----- Data provided

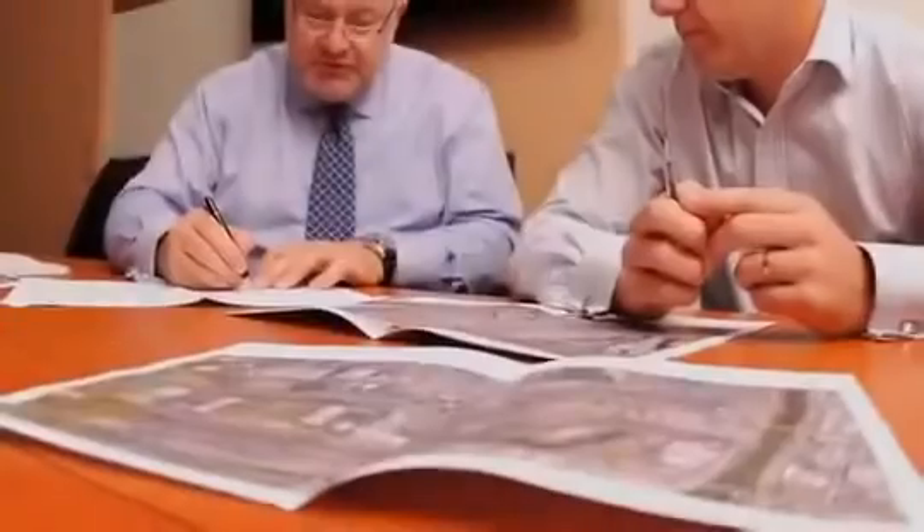With the first mover advantage in RFID, Toll will be able to stay ahead of the competition and become more integrated with our customers. The REAP warehouse execution system is the latest piece in Toll's ongoing commitment to providing our customers the total logistics solution.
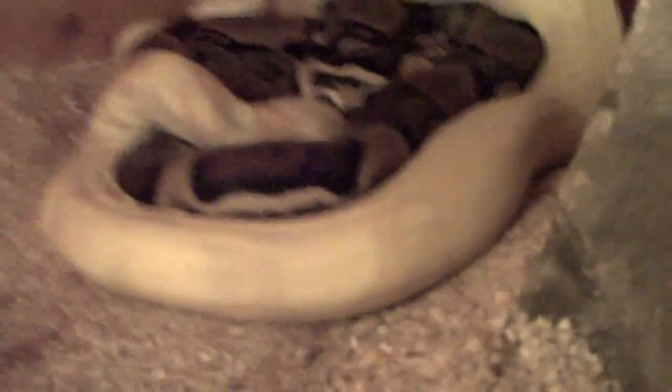They're actually breeding right now. Put it on close-up mode — see if you can see that. You can actually see his hemipene pulled out and it's in the female jungle. The male is the albino.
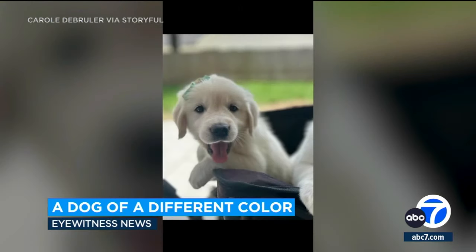And her owners named her Shamrock. That's cute. The name stuck, but the color did not. After a few weeks, the green faded, though she's still just as cute.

----------

Your assignment >>
From the line containing "They're actually breeding" to the last line of the listing above, transcribe each line exactly, skipping the pictures.

Task result >>
They're actually breeding right now. Put it on close-up mode — see if you can see that. You can actually see his hemipene pulled out and it's in the female jungle. The male is the albino.
And her owners named her Shamrock. That's cute. The name stuck, but the color did not. After a few weeks, the green faded, though she's still just as cute.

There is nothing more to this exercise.